Enough elephant tusks to fill a thousand ox wagons - that's how much ivory alone was shipped out of Durban bay between the 1820s and the 1880s. It amounted to at least a million kilograms, or a thousand tons, of ivory and represented the slaughter of 20 000 elephants. Piles of elephant tusks were then a common sight at the dockside in Port Natal. But that was not all - rhino horn; buck horn; buffalo, hippo and wildebeest hide; lion, leopard and wildcat skin; as well as live wild animals, all were exported, much coming from the last surviving great African kingdom in southern Africa, Zululand.

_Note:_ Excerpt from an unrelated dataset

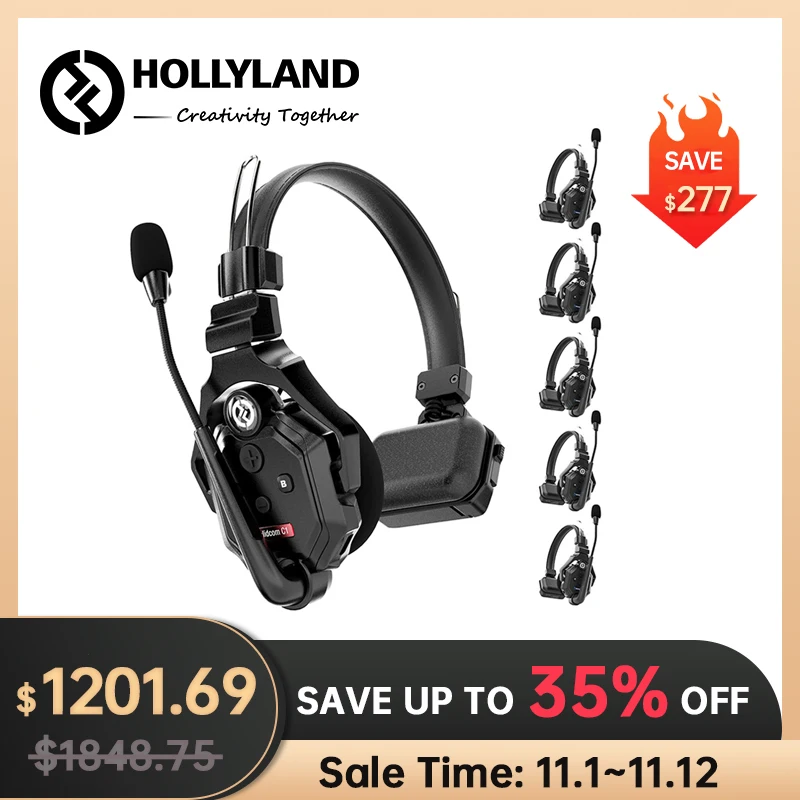 

Hollyland Solidcom C1 [Official] Wireless Intercom System Full Duplex 1100ft Team Communication Headset for Film Production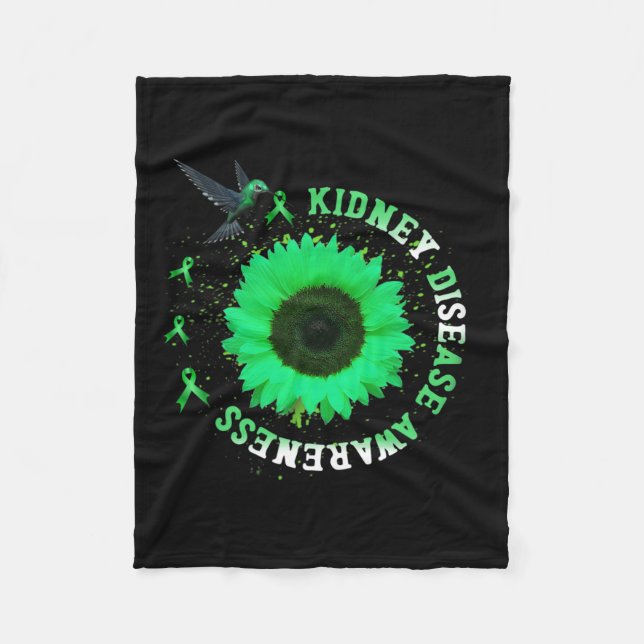 Hummingbird Solros Grönt Ribbon Kidney Disease Fleecefilt (Framsidan)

The three pillars of the Zululand and Maputaland wilderness were the wild game, the avifauna, particularly game birds, and the indigenous forests. This book charts both the onslaught on them and the efforts made to preserve them from the destruction that seemed imminent and inevitable.
But the book also tells the story of the local African population and their attitudes; it looks at the white and African hunters who pursued the game; and it traces the foundation in the 1890s of the first Zululand game reserves and their struggle for survival against all the odds. Had not the pioneers of Zululand conservation embarked on this early conservation movement, the Zululand wilderness with its tremendous diversity of fauna and flora would have disappeared completely - and with it one of Africa's brightest jewels.